◆ EXERCISE
Below are the records; print exactly the lines from the one with "Zona 3 • Áreas" through the last, both included, and leave the pictures out.

Crawled caption data
..............................

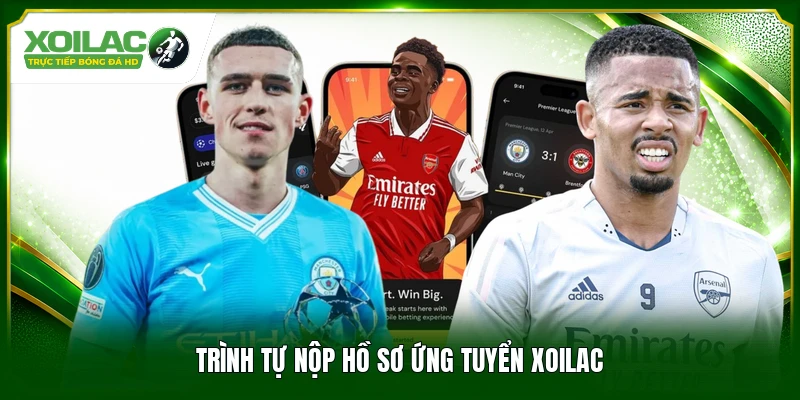 Trình tự nộp hồ sơ ứng tuyển Xoilac
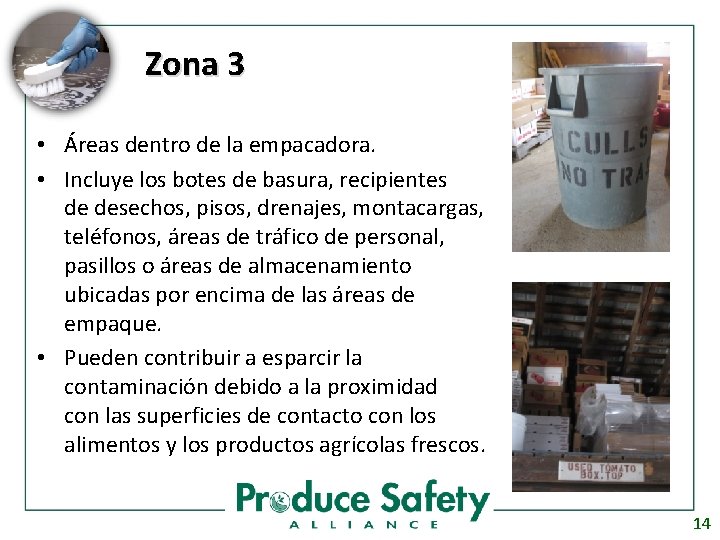 Zona 3 • Áreas dentro de la empacadora. • Incluye los botes de basura,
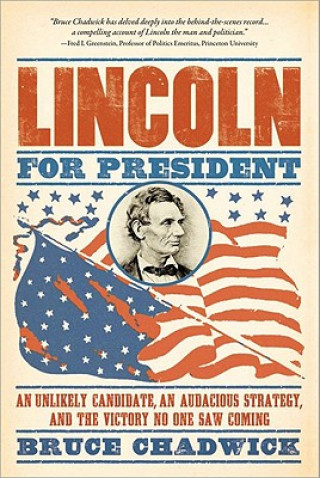 Kniha Lincoln for President: An Unlikely Candidate, an Audacious Strategy, and the Victory No One Saw Coming Bruce Chadwick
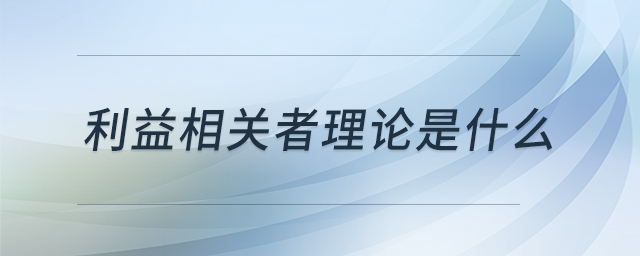 利益相關(guān)者理論是什么 利益相關(guān)者理論是什么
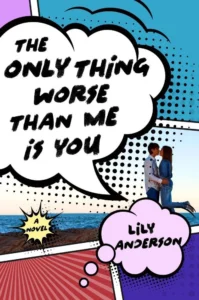 Featured image for "Zusammenfassung von 'The Only Thing Worse Than Me Is You' von Lily Anderson"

..............................

◆ PROBLEM SOLUTION
 Zona 3 • Áreas dentro de la empacadora. • Incluye los botes de basura,
 Kniha Lincoln for President: An Unlikely Candidate, an Audacious Strategy, and the Victory No One Saw Coming Bruce Chadwick
 利益相關(guān)者理論是什么 利益相關(guān)者理論是什么
 Featured image for "Zusammenfassung von 'The Only Thing Worse Than Me Is You' von Lily Anderson"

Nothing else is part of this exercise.